--- Dataset records Enclosed Below ---

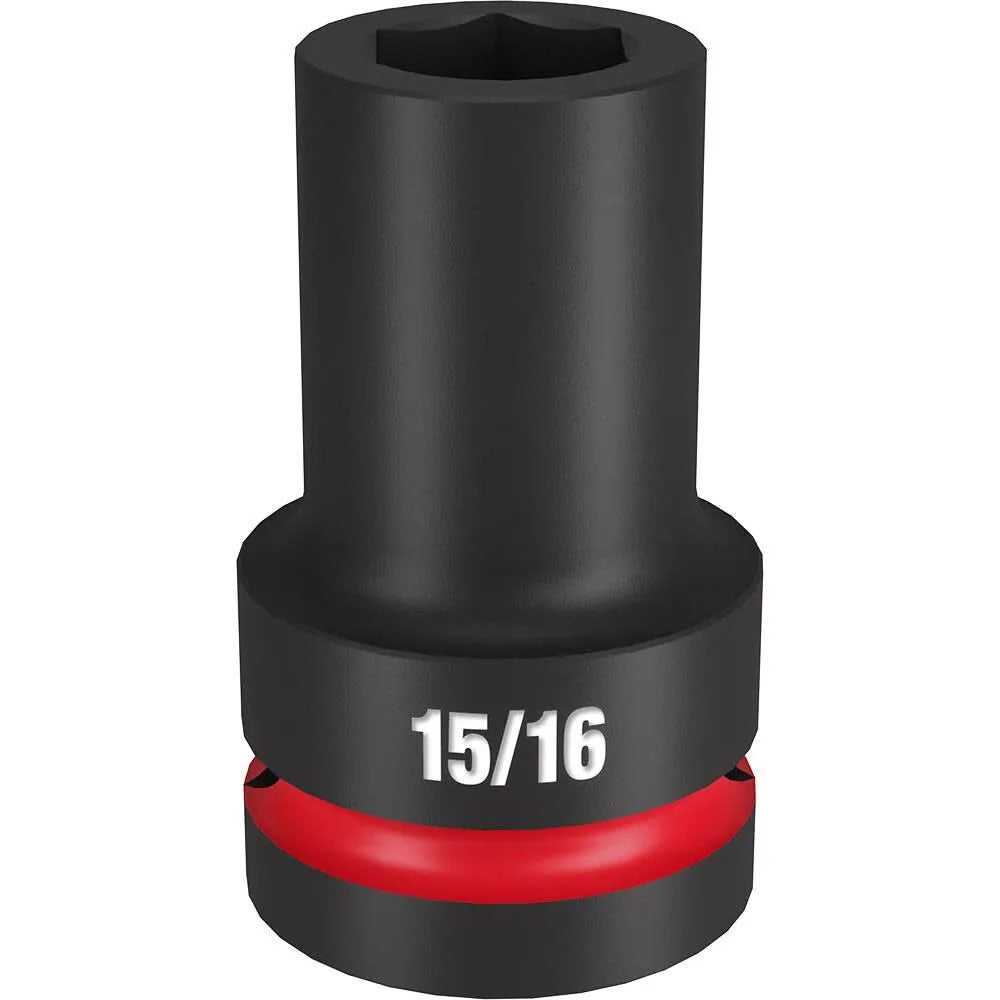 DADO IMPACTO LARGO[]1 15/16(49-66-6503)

--- End of Enclosed Dataset records ---
--- Dataset records Enclosed Below ---

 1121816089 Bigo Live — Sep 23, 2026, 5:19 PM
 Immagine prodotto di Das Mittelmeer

--- End of Enclosed Dataset records ---
--- Dataset records Enclosed Below ---

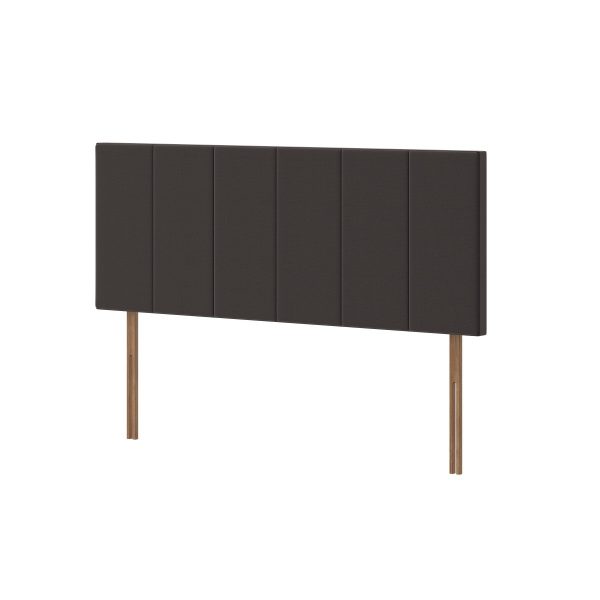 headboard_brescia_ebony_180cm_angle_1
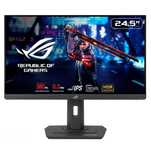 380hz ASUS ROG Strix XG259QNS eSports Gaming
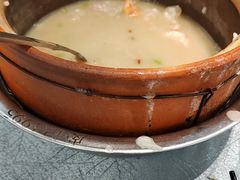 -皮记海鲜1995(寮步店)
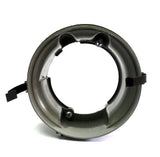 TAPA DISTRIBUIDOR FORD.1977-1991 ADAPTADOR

--- End of Enclosed Dataset records ---

> **About this exercise**: Copy word for word the lines above, starting at the line containing "380hz ASUS ROG Strix XG259QNS eSports Gaming" and ending at the line containing "TAPA DISTRIBUIDOR FORD.1977-1991 ADAPTADOR", inclusive, with no pictures.

> **Response area**:
 380hz ASUS ROG Strix XG259QNS eSports Gaming
 -皮记海鲜1995(寮步店)
 TAPA DISTRIBUIDOR FORD.1977-1991 ADAPTADOR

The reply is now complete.